Would you output the entries below only from the line containing "A joyful bridal" through the line containing "Woonkamer met een", exactly as they stand and with both ends included?

[Data records — start]

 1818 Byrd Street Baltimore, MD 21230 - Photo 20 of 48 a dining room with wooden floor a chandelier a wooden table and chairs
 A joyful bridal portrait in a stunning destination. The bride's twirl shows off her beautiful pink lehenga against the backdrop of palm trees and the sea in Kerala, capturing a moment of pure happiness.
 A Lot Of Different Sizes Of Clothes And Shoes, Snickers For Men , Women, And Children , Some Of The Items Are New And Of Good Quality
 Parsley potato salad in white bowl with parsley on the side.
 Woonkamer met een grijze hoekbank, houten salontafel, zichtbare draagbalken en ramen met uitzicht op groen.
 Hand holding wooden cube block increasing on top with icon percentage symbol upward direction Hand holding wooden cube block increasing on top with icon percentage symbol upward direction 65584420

[Data records — finish]

**Written solution**.
 A joyful bridal portrait in a stunning destination. The bride's twirl shows off her beautiful pink lehenga against the backdrop of palm trees and the sea in Kerala, capturing a moment of pure happiness.
 A Lot Of Different Sizes Of Clothes And Shoes, Snickers For Men , Women, And Children , Some Of The Items Are New And Of Good Quality
 Parsley potato salad in white bowl with parsley on the side.
 Woonkamer met een grijze hoekbank, houten salontafel, zichtbare draagbalken en ramen met uitzicht op groen.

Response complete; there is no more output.